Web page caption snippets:
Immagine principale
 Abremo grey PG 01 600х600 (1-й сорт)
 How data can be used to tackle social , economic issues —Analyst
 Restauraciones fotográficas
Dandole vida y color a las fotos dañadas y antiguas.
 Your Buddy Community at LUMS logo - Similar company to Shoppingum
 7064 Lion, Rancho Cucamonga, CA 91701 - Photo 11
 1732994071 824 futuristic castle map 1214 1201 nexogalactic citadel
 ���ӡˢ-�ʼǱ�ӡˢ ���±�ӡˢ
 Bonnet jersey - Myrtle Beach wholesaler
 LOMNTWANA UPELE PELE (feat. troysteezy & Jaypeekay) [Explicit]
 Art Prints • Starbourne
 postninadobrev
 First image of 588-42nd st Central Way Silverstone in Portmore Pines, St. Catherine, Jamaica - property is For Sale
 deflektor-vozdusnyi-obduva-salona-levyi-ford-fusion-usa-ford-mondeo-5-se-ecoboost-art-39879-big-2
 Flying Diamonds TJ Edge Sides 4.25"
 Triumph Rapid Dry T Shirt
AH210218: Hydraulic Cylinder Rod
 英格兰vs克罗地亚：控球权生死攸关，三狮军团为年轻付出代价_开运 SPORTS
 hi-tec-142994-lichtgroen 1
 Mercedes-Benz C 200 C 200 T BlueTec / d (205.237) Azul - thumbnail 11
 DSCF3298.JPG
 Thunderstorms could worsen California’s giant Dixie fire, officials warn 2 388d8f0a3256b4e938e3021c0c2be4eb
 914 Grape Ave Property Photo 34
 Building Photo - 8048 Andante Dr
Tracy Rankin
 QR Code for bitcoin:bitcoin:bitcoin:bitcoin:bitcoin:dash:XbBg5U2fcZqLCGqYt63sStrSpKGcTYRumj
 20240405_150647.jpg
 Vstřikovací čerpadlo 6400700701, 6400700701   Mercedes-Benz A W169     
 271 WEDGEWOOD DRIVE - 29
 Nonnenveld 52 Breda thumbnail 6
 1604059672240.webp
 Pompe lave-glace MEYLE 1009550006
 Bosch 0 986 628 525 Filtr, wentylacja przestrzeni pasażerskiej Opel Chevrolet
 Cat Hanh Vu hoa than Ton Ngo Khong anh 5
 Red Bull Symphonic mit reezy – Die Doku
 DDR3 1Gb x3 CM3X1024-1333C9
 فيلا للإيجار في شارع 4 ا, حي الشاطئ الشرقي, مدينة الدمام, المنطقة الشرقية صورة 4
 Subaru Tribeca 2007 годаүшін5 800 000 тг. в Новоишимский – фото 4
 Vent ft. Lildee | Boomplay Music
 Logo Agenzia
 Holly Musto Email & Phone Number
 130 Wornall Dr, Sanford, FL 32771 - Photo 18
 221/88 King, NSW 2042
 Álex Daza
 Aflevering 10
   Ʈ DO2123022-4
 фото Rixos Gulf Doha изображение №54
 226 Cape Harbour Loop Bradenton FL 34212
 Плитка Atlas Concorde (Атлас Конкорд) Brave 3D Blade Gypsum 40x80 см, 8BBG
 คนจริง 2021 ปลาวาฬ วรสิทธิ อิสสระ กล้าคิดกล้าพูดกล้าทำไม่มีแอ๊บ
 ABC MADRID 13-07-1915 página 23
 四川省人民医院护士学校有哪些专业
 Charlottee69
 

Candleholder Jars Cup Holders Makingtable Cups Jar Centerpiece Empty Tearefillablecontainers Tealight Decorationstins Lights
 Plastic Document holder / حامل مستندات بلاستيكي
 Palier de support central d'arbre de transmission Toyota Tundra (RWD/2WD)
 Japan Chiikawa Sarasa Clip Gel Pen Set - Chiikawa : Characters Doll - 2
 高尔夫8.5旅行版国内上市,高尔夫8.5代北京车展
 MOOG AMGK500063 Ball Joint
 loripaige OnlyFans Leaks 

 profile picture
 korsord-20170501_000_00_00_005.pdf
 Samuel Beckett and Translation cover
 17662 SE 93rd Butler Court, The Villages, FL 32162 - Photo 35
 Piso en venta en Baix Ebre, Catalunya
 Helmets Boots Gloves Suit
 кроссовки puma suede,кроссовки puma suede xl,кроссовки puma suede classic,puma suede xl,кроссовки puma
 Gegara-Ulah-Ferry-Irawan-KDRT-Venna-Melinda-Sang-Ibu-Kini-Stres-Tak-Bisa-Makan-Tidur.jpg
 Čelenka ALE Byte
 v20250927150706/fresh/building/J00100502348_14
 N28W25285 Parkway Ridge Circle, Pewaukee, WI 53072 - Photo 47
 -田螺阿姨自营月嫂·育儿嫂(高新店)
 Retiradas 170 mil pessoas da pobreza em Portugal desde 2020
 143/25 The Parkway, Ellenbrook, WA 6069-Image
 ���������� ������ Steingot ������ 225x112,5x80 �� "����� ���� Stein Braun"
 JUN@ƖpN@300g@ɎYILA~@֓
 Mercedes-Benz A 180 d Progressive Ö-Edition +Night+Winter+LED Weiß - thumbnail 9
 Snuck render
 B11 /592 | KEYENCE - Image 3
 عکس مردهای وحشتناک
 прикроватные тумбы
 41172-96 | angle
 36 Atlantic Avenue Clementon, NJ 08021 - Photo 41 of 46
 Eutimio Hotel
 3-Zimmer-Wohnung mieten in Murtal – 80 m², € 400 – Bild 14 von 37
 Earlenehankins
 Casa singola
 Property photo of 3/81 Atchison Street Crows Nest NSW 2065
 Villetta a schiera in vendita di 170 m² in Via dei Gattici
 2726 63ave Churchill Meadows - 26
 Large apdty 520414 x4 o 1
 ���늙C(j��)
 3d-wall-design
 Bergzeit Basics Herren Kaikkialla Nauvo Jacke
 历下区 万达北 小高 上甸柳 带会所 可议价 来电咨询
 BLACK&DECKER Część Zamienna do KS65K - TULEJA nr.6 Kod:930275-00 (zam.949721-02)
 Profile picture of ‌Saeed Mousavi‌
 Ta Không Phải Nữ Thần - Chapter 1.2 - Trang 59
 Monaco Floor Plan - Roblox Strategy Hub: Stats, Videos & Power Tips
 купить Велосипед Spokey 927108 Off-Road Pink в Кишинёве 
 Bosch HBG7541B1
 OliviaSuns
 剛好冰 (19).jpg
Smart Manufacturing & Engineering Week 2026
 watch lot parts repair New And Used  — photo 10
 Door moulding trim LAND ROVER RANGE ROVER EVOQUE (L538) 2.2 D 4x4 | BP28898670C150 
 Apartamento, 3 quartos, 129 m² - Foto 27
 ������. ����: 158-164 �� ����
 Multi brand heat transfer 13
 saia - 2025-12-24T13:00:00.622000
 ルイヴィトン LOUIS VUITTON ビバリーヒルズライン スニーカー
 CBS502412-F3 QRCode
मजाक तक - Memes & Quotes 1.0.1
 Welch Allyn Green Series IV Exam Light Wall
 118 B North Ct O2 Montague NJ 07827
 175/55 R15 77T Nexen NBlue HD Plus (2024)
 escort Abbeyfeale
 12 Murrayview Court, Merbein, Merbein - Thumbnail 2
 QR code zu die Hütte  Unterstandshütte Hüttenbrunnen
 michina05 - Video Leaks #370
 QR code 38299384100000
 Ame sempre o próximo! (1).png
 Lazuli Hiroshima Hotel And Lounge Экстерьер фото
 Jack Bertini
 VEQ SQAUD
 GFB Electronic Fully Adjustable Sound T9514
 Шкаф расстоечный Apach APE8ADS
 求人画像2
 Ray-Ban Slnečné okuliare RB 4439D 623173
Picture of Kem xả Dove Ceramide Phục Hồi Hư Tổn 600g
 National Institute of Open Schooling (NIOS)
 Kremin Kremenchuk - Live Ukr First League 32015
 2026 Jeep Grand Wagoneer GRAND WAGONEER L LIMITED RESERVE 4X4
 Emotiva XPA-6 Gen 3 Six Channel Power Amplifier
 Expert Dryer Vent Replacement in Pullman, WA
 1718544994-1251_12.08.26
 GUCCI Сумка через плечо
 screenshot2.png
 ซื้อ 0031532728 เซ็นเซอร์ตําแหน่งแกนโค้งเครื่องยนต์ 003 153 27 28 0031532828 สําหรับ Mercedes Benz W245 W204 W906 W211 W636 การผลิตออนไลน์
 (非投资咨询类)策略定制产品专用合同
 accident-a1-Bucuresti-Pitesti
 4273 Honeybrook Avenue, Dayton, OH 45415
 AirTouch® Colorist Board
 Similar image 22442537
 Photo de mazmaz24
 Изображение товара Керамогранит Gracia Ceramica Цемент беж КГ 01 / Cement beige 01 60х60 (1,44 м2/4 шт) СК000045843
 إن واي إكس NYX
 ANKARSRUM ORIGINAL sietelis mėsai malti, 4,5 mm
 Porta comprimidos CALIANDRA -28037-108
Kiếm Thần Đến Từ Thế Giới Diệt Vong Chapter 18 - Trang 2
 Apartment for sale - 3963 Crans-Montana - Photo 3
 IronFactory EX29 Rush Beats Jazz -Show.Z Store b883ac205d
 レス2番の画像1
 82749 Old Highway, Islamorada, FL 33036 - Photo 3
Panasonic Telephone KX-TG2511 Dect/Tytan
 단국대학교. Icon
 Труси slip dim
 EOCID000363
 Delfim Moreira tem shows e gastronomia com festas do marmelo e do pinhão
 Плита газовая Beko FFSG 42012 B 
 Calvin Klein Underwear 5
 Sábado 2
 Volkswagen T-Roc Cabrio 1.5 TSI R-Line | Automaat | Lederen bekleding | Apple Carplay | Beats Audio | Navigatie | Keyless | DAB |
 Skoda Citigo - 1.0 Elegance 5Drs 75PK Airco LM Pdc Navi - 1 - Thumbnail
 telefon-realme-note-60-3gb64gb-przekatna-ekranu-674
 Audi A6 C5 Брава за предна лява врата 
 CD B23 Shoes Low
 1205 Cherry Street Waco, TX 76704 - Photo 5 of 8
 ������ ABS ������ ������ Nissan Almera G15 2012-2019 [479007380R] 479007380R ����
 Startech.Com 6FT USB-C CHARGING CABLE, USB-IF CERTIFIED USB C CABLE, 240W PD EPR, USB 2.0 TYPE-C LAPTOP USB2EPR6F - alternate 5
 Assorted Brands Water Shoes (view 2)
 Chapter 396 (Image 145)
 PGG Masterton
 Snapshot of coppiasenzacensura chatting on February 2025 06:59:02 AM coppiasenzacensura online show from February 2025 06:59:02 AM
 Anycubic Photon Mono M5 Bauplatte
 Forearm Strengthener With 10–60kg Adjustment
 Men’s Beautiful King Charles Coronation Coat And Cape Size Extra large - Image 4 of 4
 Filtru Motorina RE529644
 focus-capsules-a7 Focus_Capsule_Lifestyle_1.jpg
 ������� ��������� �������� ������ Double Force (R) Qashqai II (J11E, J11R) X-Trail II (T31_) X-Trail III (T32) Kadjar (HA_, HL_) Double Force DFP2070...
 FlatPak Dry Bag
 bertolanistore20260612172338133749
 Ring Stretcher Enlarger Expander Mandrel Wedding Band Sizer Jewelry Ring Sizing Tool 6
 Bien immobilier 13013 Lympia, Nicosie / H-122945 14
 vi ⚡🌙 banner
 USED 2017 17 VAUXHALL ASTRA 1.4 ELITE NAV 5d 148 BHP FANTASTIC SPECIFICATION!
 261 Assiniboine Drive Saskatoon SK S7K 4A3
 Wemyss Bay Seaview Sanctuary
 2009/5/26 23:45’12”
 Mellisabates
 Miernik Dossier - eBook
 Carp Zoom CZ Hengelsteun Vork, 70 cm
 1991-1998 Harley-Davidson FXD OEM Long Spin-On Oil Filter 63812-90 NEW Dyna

▶ _INSTRUCTIONS FOR THE TASK_
Which lines above run from the one containing "National Institute of Open Schooling (NIOS)" down to the one containing "Forearm Strengthener With 10–60kg Adjustment"? Repeat exactly those, both ends included, and nothing else.

▶ _SOLUTION FOR THIS EXERCISE_
 National Institute of Open Schooling (NIOS)
 Kremin Kremenchuk - Live Ukr First League 32015
 2026 Jeep Grand Wagoneer GRAND WAGONEER L LIMITED RESERVE 4X4
 Emotiva XPA-6 Gen 3 Six Channel Power Amplifier
 Expert Dryer Vent Replacement in Pullman, WA
 1718544994-1251_12.08.26
 GUCCI Сумка через плечо
 screenshot2.png
 ซื้อ 0031532728 เซ็นเซอร์ตําแหน่งแกนโค้งเครื่องยนต์ 003 153 27 28 0031532828 สําหรับ Mercedes Benz W245 W204 W906 W211 W636 การผลิตออนไลน์
 (非投资咨询类)策略定制产品专用合同
 accident-a1-Bucuresti-Pitesti
 4273 Honeybrook Avenue, Dayton, OH 45415
 AirTouch® Colorist Board
 Similar image 22442537
 Photo de mazmaz24
 Изображение товара Керамогранит Gracia Ceramica Цемент беж КГ 01 / Cement beige 01 60х60 (1,44 м2/4 шт) СК000045843
 إن واي إكس NYX
 ANKARSRUM ORIGINAL sietelis mėsai malti, 4,5 mm
 Porta comprimidos CALIANDRA -28037-108
Kiếm Thần Đến Từ Thế Giới Diệt Vong Chapter 18 - Trang 2
 Apartment for sale - 3963 Crans-Montana - Photo 3
 IronFactory EX29 Rush Beats Jazz -Show.Z Store b883ac205d
 レス2番の画像1
 82749 Old Highway, Islamorada, FL 33036 - Photo 3
Panasonic Telephone KX-TG2511 Dect/Tytan
 단국대학교. Icon
 Труси slip dim
 EOCID000363
 Delfim Moreira tem shows e gastronomia com festas do marmelo e do pinhão
 Плита газовая Beko FFSG 42012 B 
 Calvin Klein Underwear 5
 Sábado 2
 Volkswagen T-Roc Cabrio 1.5 TSI R-Line | Automaat | Lederen bekleding | Apple Carplay | Beats Audio | Navigatie | Keyless | DAB |
 Skoda Citigo - 1.0 Elegance 5Drs 75PK Airco LM Pdc Navi - 1 - Thumbnail
 telefon-realme-note-60-3gb64gb-przekatna-ekranu-674
 Audi A6 C5 Брава за предна лява врата 
 CD B23 Shoes Low
 1205 Cherry Street Waco, TX 76704 - Photo 5 of 8
 ������ ABS ������ ������ Nissan Almera G15 2012-2019 [479007380R] 479007380R ����
 Startech.Com 6FT USB-C CHARGING CABLE, USB-IF CERTIFIED USB C CABLE, 240W PD EPR, USB 2.0 TYPE-C LAPTOP USB2EPR6F - alternate 5
 Assorted Brands Water Shoes (view 2)
 Chapter 396 (Image 145)
 PGG Masterton
 Snapshot of coppiasenzacensura chatting on February 2025 06:59:02 AM coppiasenzacensura online show from February 2025 06:59:02 AM
 Anycubic Photon Mono M5 Bauplatte
 Forearm Strengthener With 10–60kg Adjustment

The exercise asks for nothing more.